> Directions
Output exactly, and only, the lines below from the one with "Bild #21708864 - Touristenfahrten" down to the one with "0 633367 778925". Include both end lines and no pictures.

> Dataset entries
● ● ● ● ● ● ●
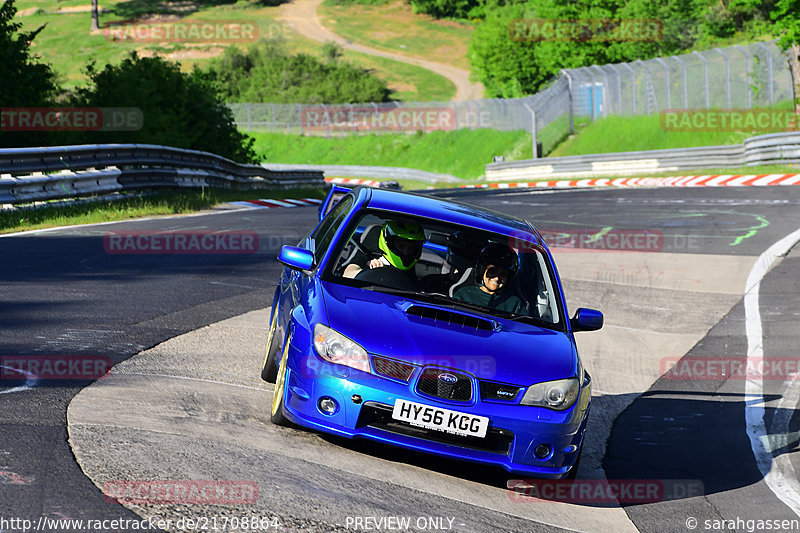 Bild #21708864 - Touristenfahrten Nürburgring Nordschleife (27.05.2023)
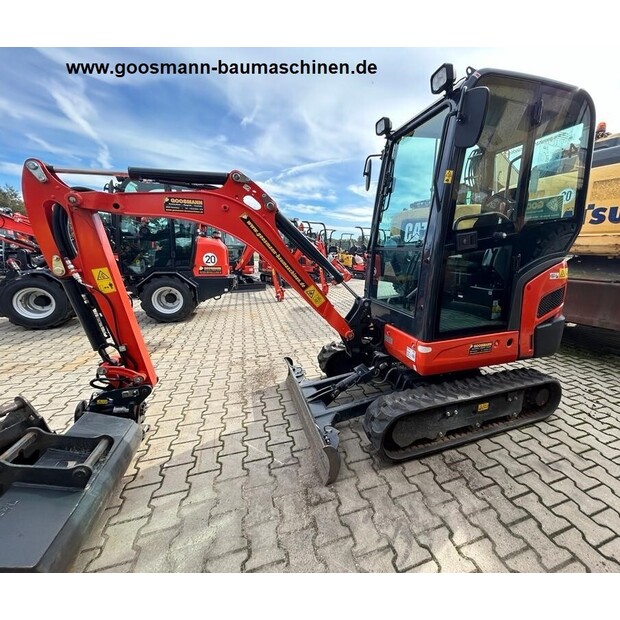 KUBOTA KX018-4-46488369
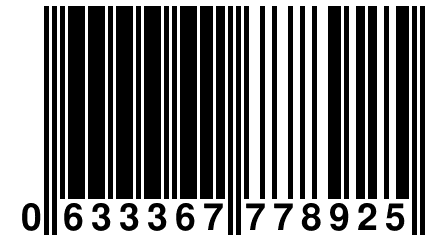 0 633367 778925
● ● ● ● ● ● ●
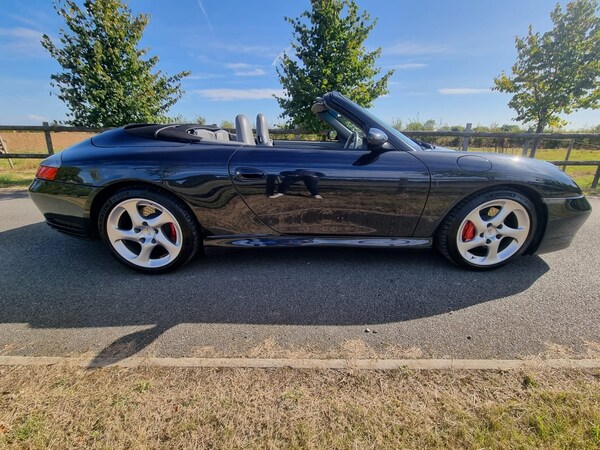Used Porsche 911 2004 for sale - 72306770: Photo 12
● ● ● ● ● ● ●
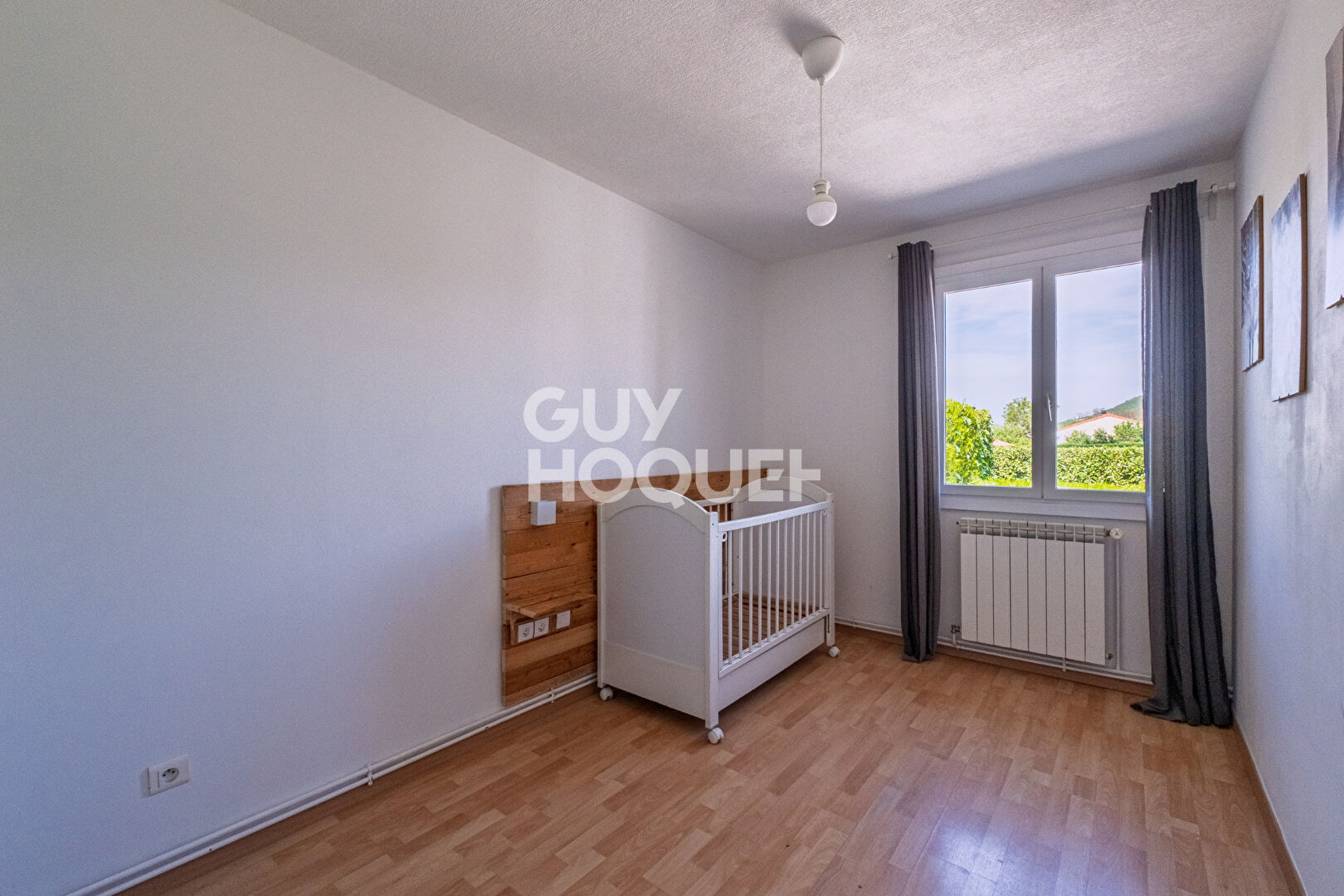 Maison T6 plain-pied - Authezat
● ● ● ● ● ● ●
> Answer to the problem
 Bild #21708864 - Touristenfahrten Nürburgring Nordschleife (27.05.2023)
 KUBOTA KX018-4-46488369
 0 633367 778925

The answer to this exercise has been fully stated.